Stevenson has also held onto the friendships she valued in high school, and has collected “quality” people from different parts of her journey, especially those who can help provide perspective. “I look for people who it’s comfortable just to be myself, where I don’t have to be put together, where I can be a mess, where we have a similar humor,” she said. “People who can remind me of how far I’ve come and how well I’m coping on the continuum as I continue to grow and deal with difficult things.”
Even as an adult under stress, Stevenson still deals with avoidance, often diving deeply into things that make her feel productive or successful instead of talking about her feelings or connecting to people who can help her. “I’ve had to be really aware of that and really utilize my support network of friends and family who help me make sense of things, help me navigate my emotions and help me make choices that aren’t avoidance and confront things that are difficult for me, and engage in that rather than engage in work or things that maybe don’t help address the issue,” she said.
When she’s having a really hard day, Stevenson will call a particular friend and leave a voicemail. “We have an agreement: I’ll leave a three-minute, five-minute voicemail, she’ll listen to it, and she voicemails me—because we have a hard time catching each other with each other’s schedules—and will have responses to everything that I’ve said and share her own,” she said. “It’s making sure I’m sharing where I am and not keeping it all to myself still. Because that was one of the negative ways I coped, was to keep it all inside.”
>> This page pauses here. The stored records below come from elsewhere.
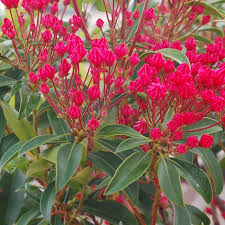 Image result for Loxogramme latifolia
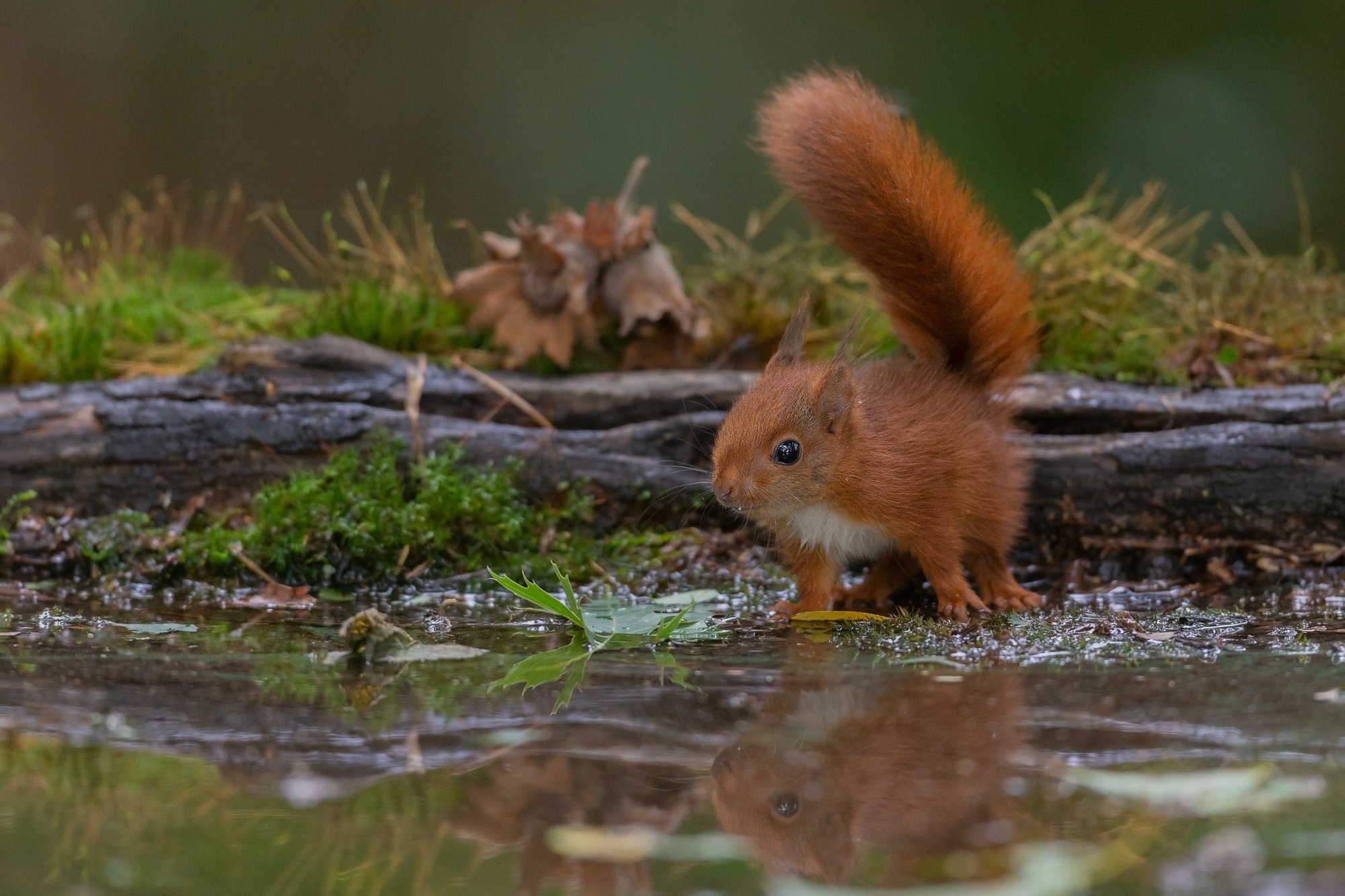 Download Reflection Rodent Animal Squirrel Hd Wallpaper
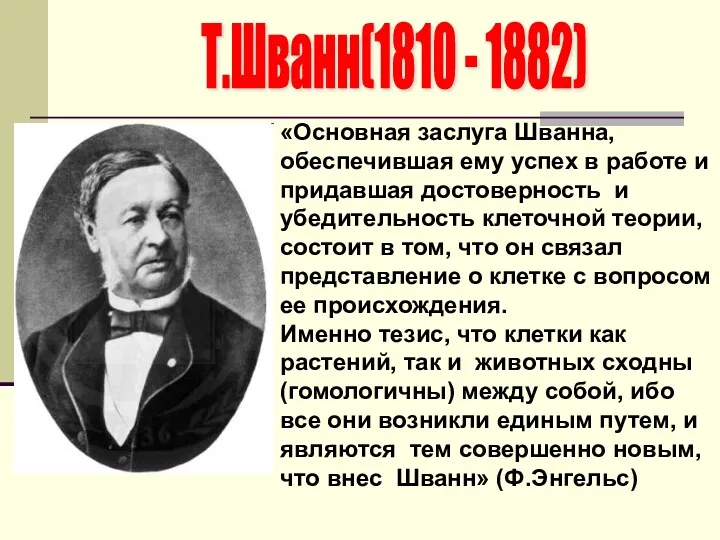 Т.Шванн(1810 - 1882) «Основная заслуга Шванна, обеспечившая ему успех в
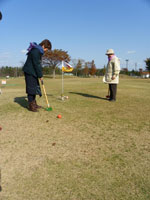 �O�����h�S���t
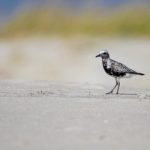 国产亚洲精品综合一区 jtdd440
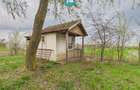 Teren 1 ha cu baltă populată – Alioș (Mașloc) - 7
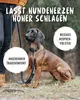 A person holding a dog leash with a dog sitting next to them in an outdoor setting. Produktbild-Vorschau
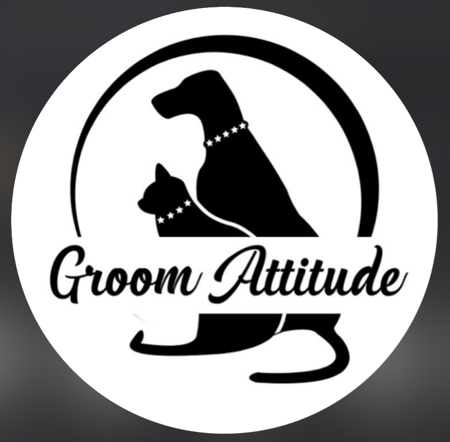Groom Attitude : SHADOW10 thumbnail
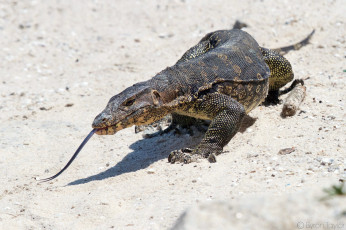 Картинка животные Ящерицы +игуаны +вараны варан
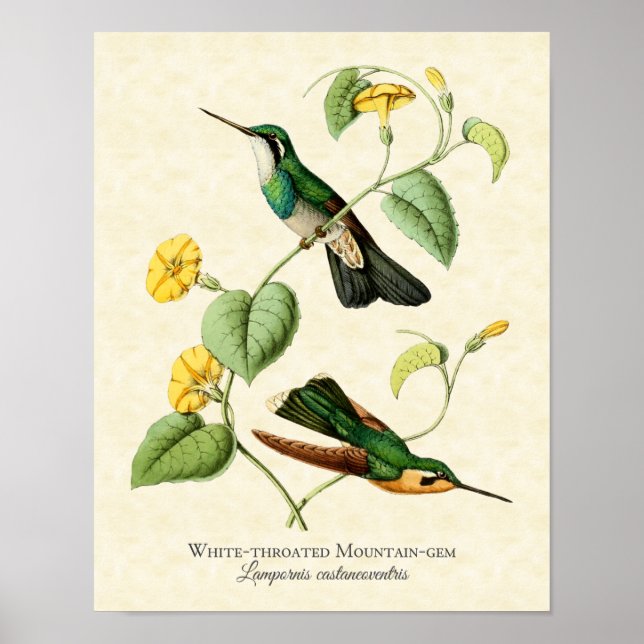 White Throated Mountain Gem Hummingbird Art Print (Front)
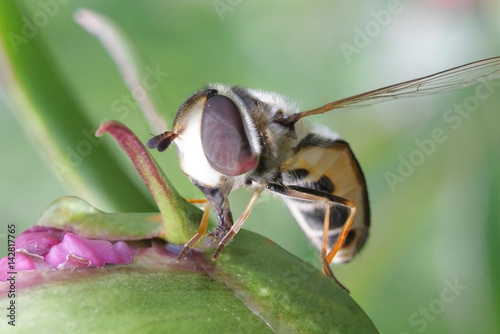 Striped fly (Syrphidae) - hoverfly collecting nectar from peony in the garden   © ANASTASIA PYRYEVA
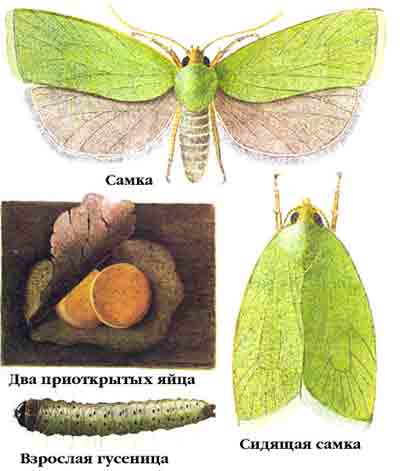 Листовертка зеленая дубовая — Tortrix viridana (L.)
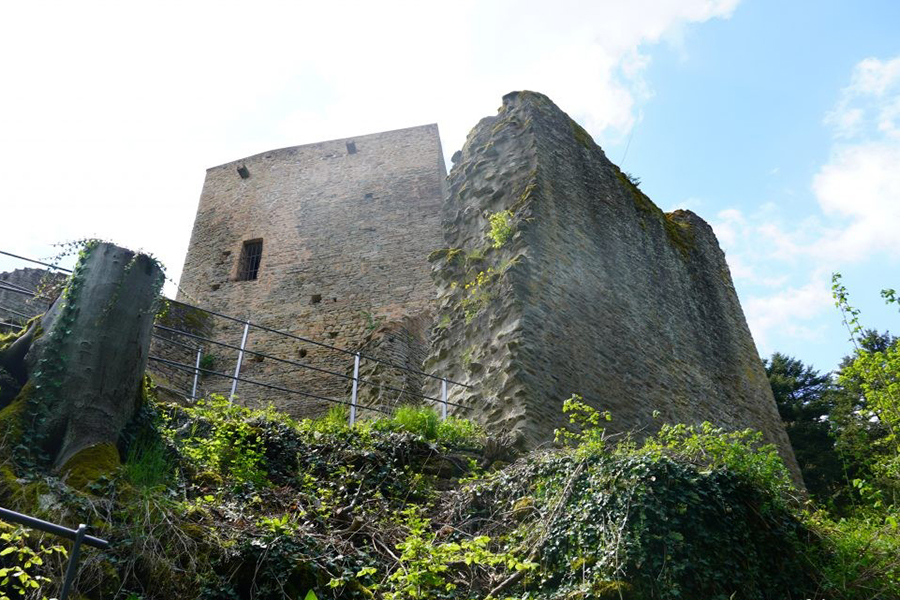 Burgruine Alt-Wolfstein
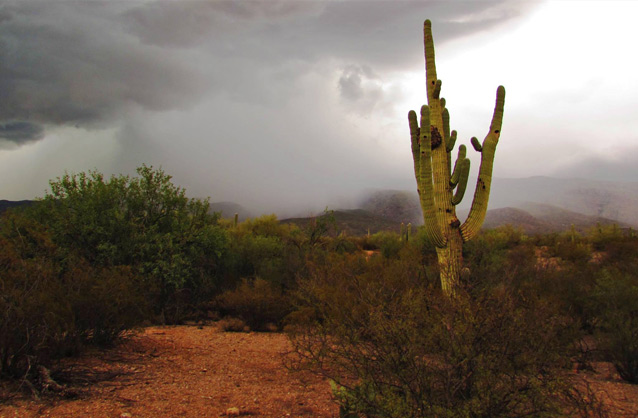 A Saguaro cactus stands in the foreground as rain falls nearby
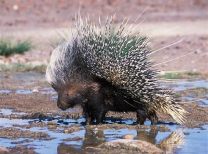 porcupine 1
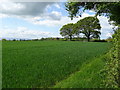 SJ4952 : Crop field near Duckington by JThomas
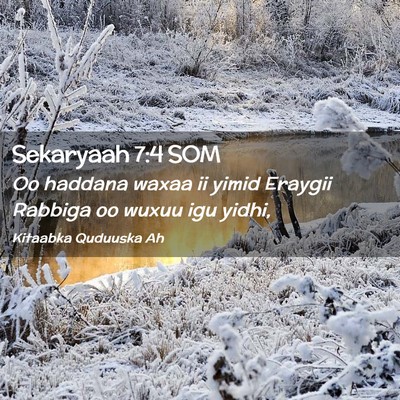 Picture 02 - Sekaryaah 7:4 SOM - Oo haddana waxaa ii yimid Eraygii Rabbiga oo - Bible Verse Picture
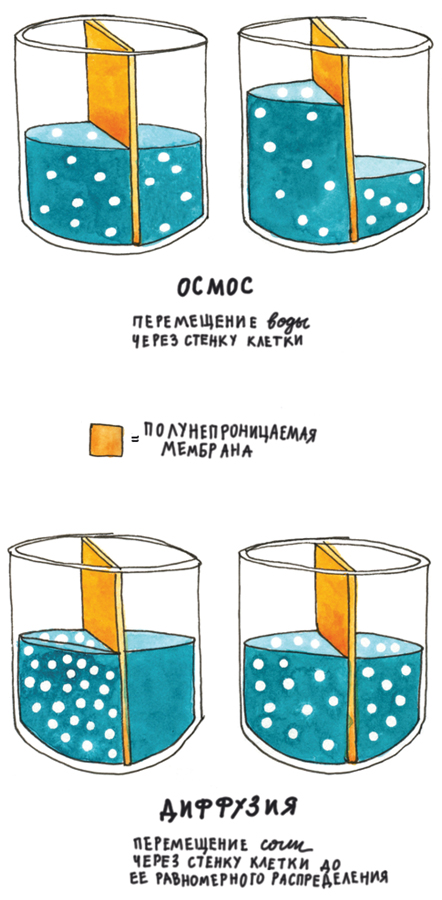 Как работает соль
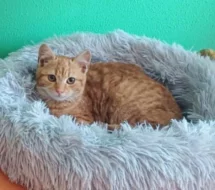 Kocourek Hugo hledá nový domov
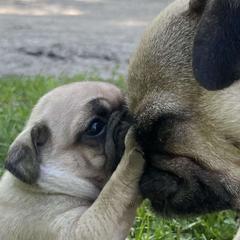 Jetta - Pug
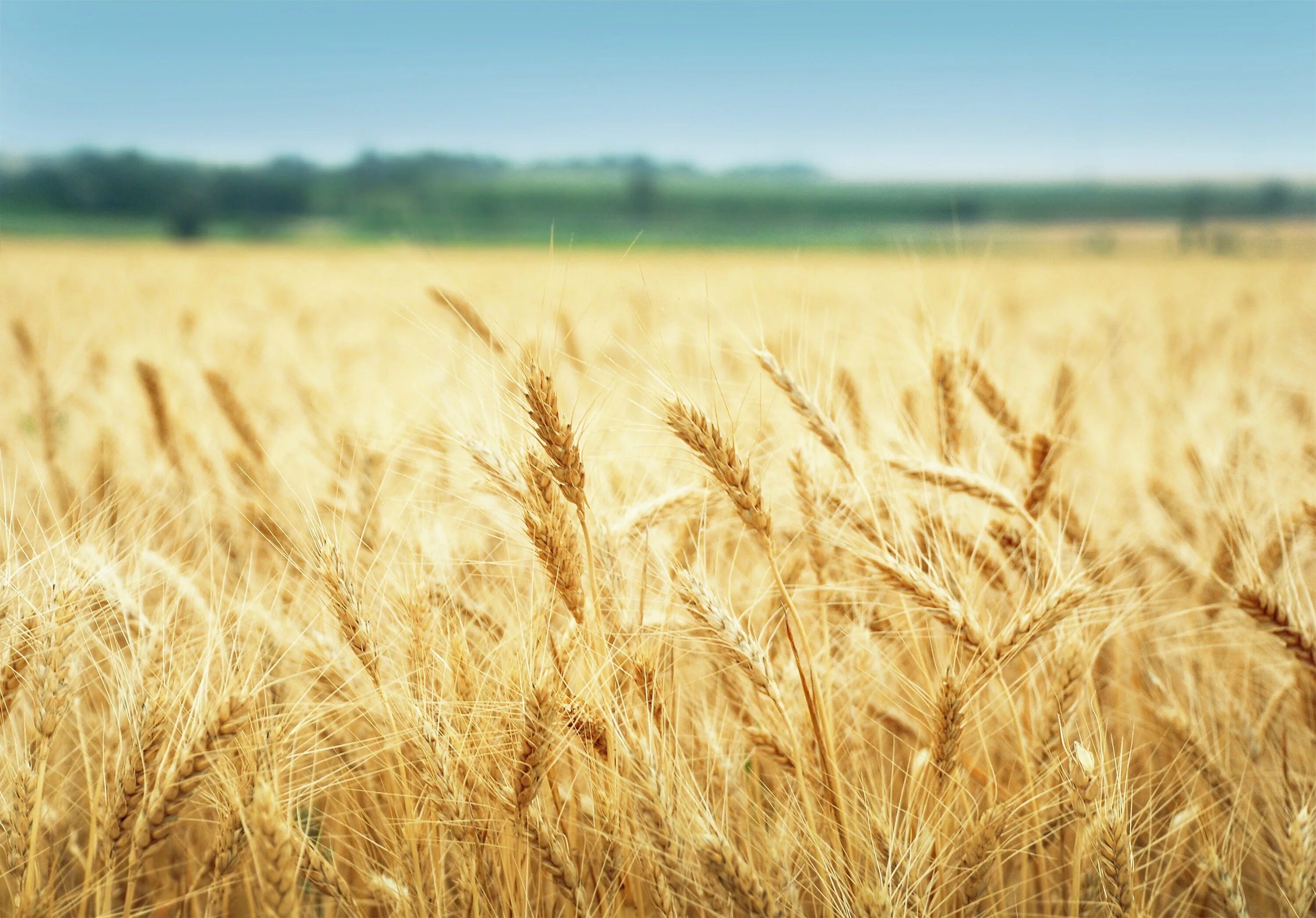 Отличные пшеничные. Спелая пшеница. Зерновое поле. Пшеница фон. Пшеничное поле спелое.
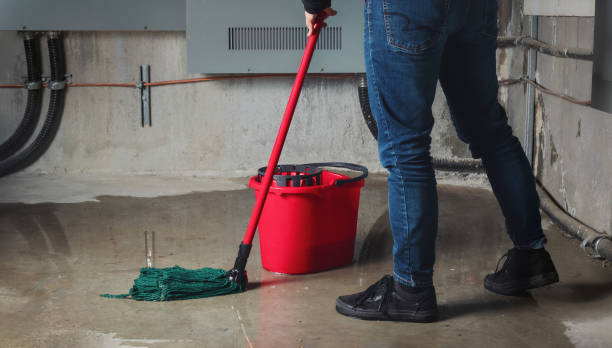 Best Water damage restoration insurance claims  in Lexico, CA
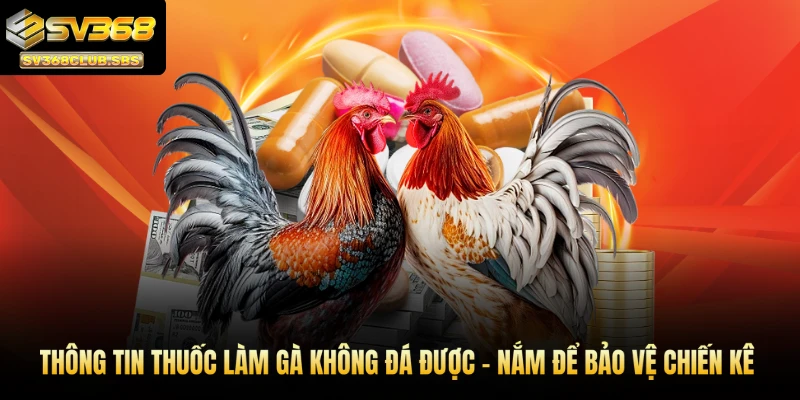 Thuốc làm gà không đá được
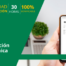 Curso Facturación Electrónica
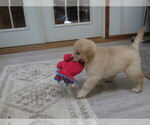 Small #5 Golden Retriever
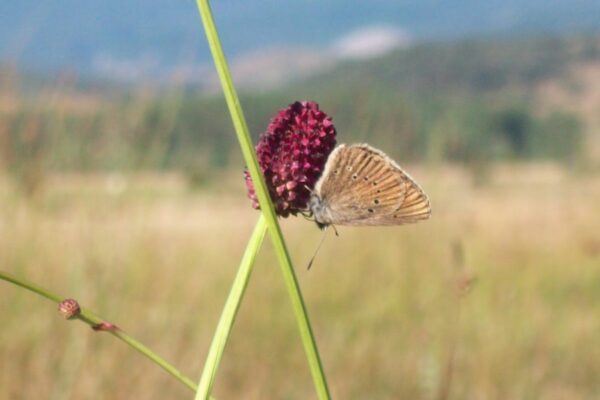 Mariposa hormiguera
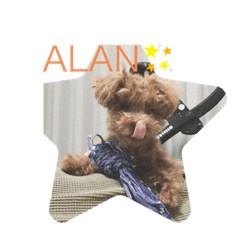 アランスタンプ集！2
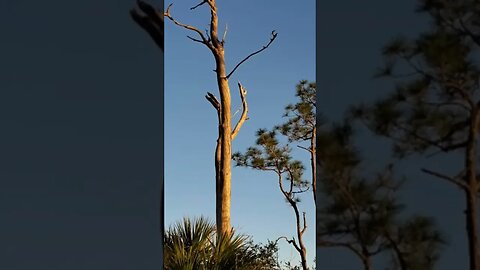 Skipper Bay Sunset on the trees Time-Lapse #shorts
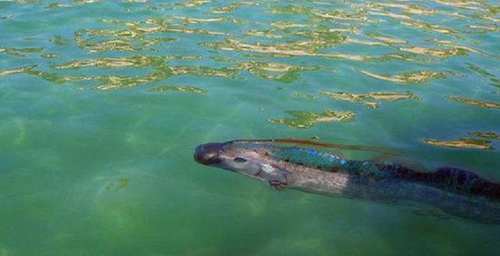 游客在海上发现深海“白龙王”，它出现常伴随着地震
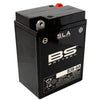 Battery SLA BS Battery B38-6A 6V - 13,7Ah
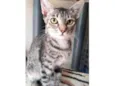 Docinho 
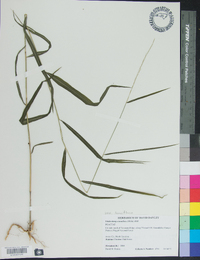 Muhlenbergia tenuiflora image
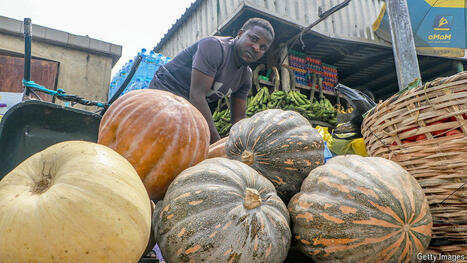 AFRICA: Soaring food-price inflation is hurting Nigeria’s poor | AFRIQUES | Scoop.it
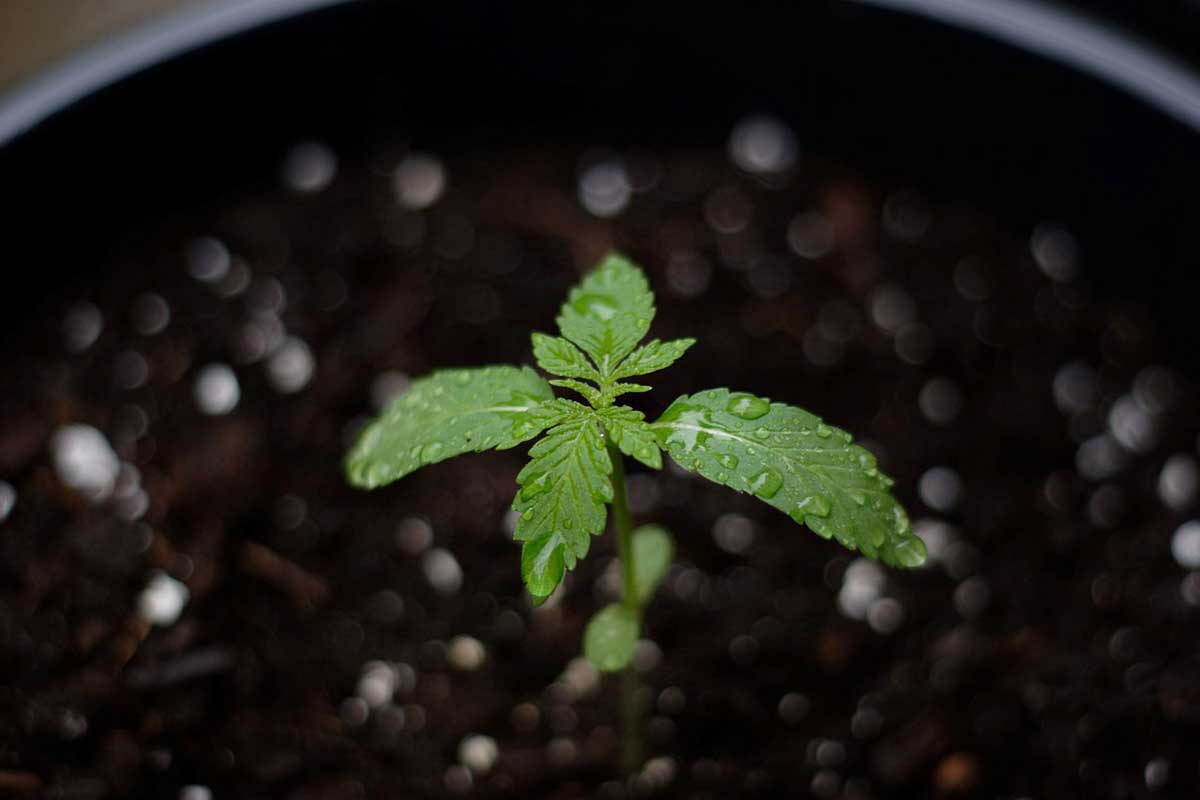 Autoflower Grow Cycle: Understanding the Growth of Your Cannabis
In fact, though she is now very open with her friends, Stevenson wishes her younger self had shared more with the support network surrounding her. “The thing that I would want other people to know in similar situations or who are dealing with things that feel so beyond their control or feel like the world around them is just hard to navigate and impossible at times, is the power of talking about it because I did not do that—the importance of building that support network while you were going through it,” she said. “I would do that differently, so finding people who were trustworthy who can help you, that it’s not the end of the world, that there will be things that come from it that are good and there will be things that come from it that are bad, but that as bad as it will seem in a moment, that it will get better if you’re actually sharing that with someone else. That burden is too much to keep to yourself.”
If she had reached out to those around her, Stevenson believes she would have had an easier time coping. “I think it really is that coping as things are happening and connecting to people during it, so that you’re never alone, in pain, or suffering silently or keeping it all in, because at some point it needs to come out and you got to work through it and it’s just delaying or making that problem harder,” she said. “I know now that other friends were going through similar things, but I didn’t know it at the time and it would have been helpful to know I wasn’t alone, like I felt the day I crossed the line.”
For those going through difficult situations, try to reach out to the people you trust, Stevenson says. “Your experience could save someone else, and just not being alone in your pain is so important,” she said. “There are people who have skills to help you process it in a way that is much easier than processing it on your own or trying to, especially if you don’t have much control or power over that.”